BOSTON AFRICAN AMERICAN NATIONAL HISTORIC SITE
and the
Beacon Hill Scholars

Invite You To
CELEBRATE THE RIVER OF WOMEN'S COURAGE

Join women and men of all races to re-enact a remarkable 1835 event. On Oct 21 of that year abolitionist women in Boston held the first annual meeting of the Female Anti-Slavery Society. It was scheduled for an office on Washington Street, near what is now State Street. A mob of angry people who were opposed to abolitionists assembled in protest. The crowd was out of control, and the Mayor told the women that he could not protect them.

The women determined to hold their meeting at the home of one of their leaders. Black and white women, arm in arm, marched with grace and dignity through the mob, six blocks down Washington Street to the home of Maria Weston Chapman, on West Street.

History usually remembers the day as the time when
William Lloyd Garrison, in the same incident, was nearly lynched by the mob. On this Oct. 21, we will lift up that group of women, whose courage then was evidence of the demands women in the later 19th century would make, claiming their full rights as citizens.

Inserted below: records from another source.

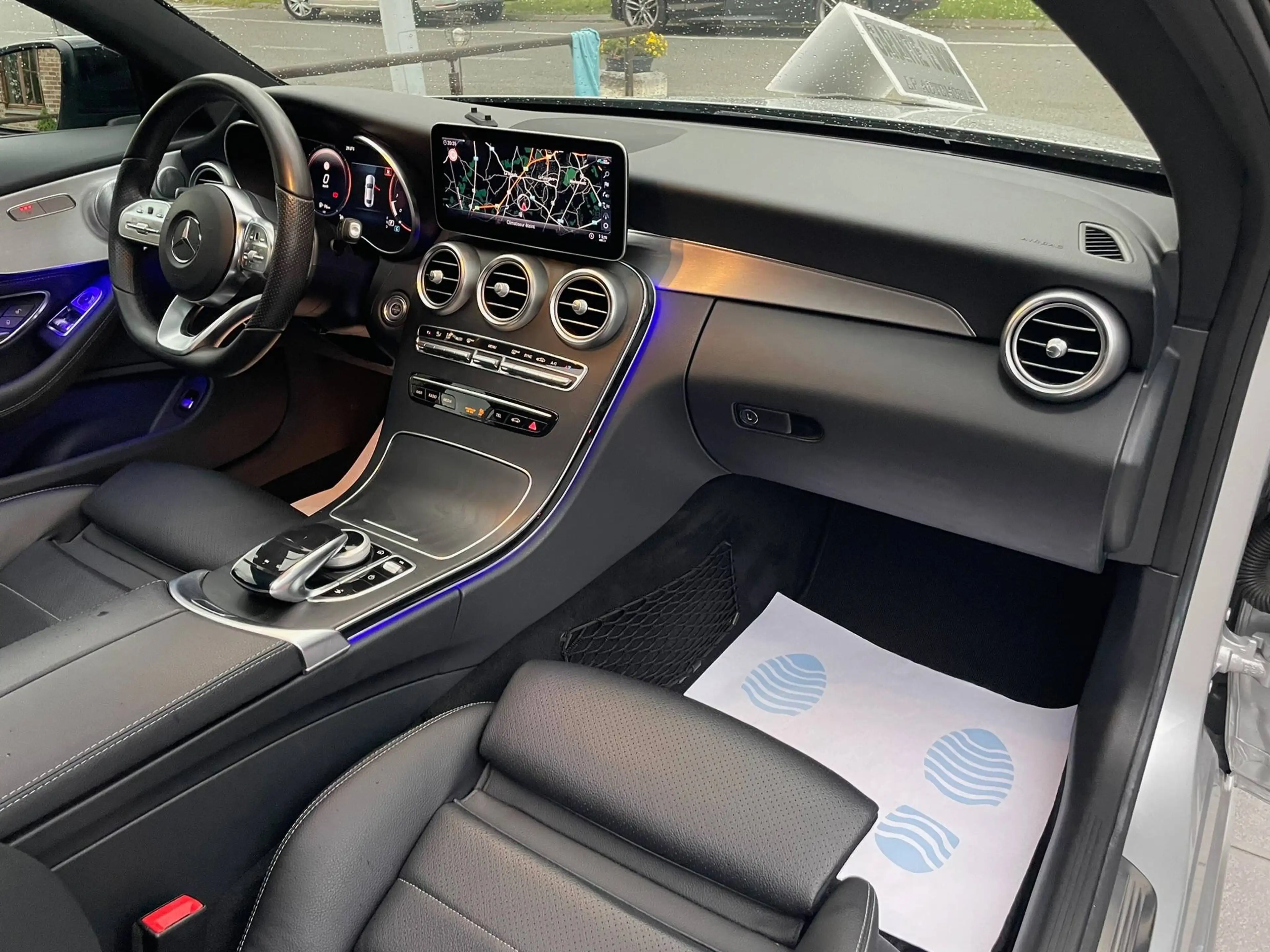 Mercedes-Benz C 180 🏴Coupe-PACK AMG LINE⚠️TOIT PANO 360 BURGMESTER⚠️ — photo 8
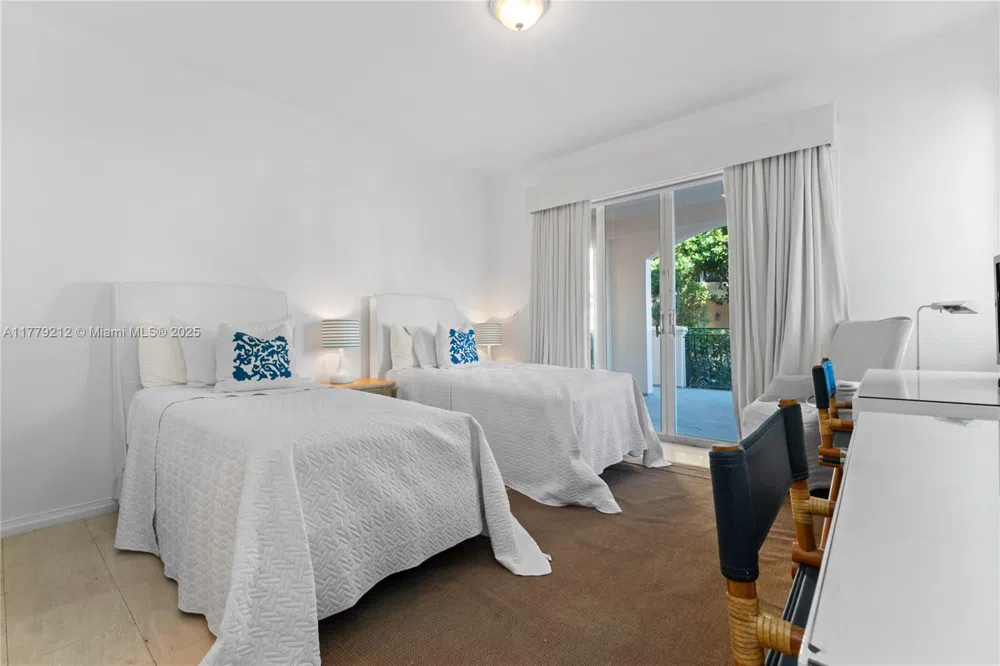 19112 Fisher Island Dr #19112 Miami Beach, FL 33109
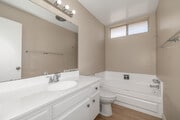 2BR, 2BA - 1,050SF - Bathroom - 925 N. Inglewood Ave.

Register: respond to the Boston African American National Historic Site
617-742-5415 before
October 14, 2006


with
Andrea Cabral
Sheriff of Suffolk County



Saturday October 21, 2006

Marchers will meet at 1 p.m

at the National Park Service Visitors Center

15 State Street
Boston, MA

We will follow the path of the women of 1835, and will conclude near where they had their meeting.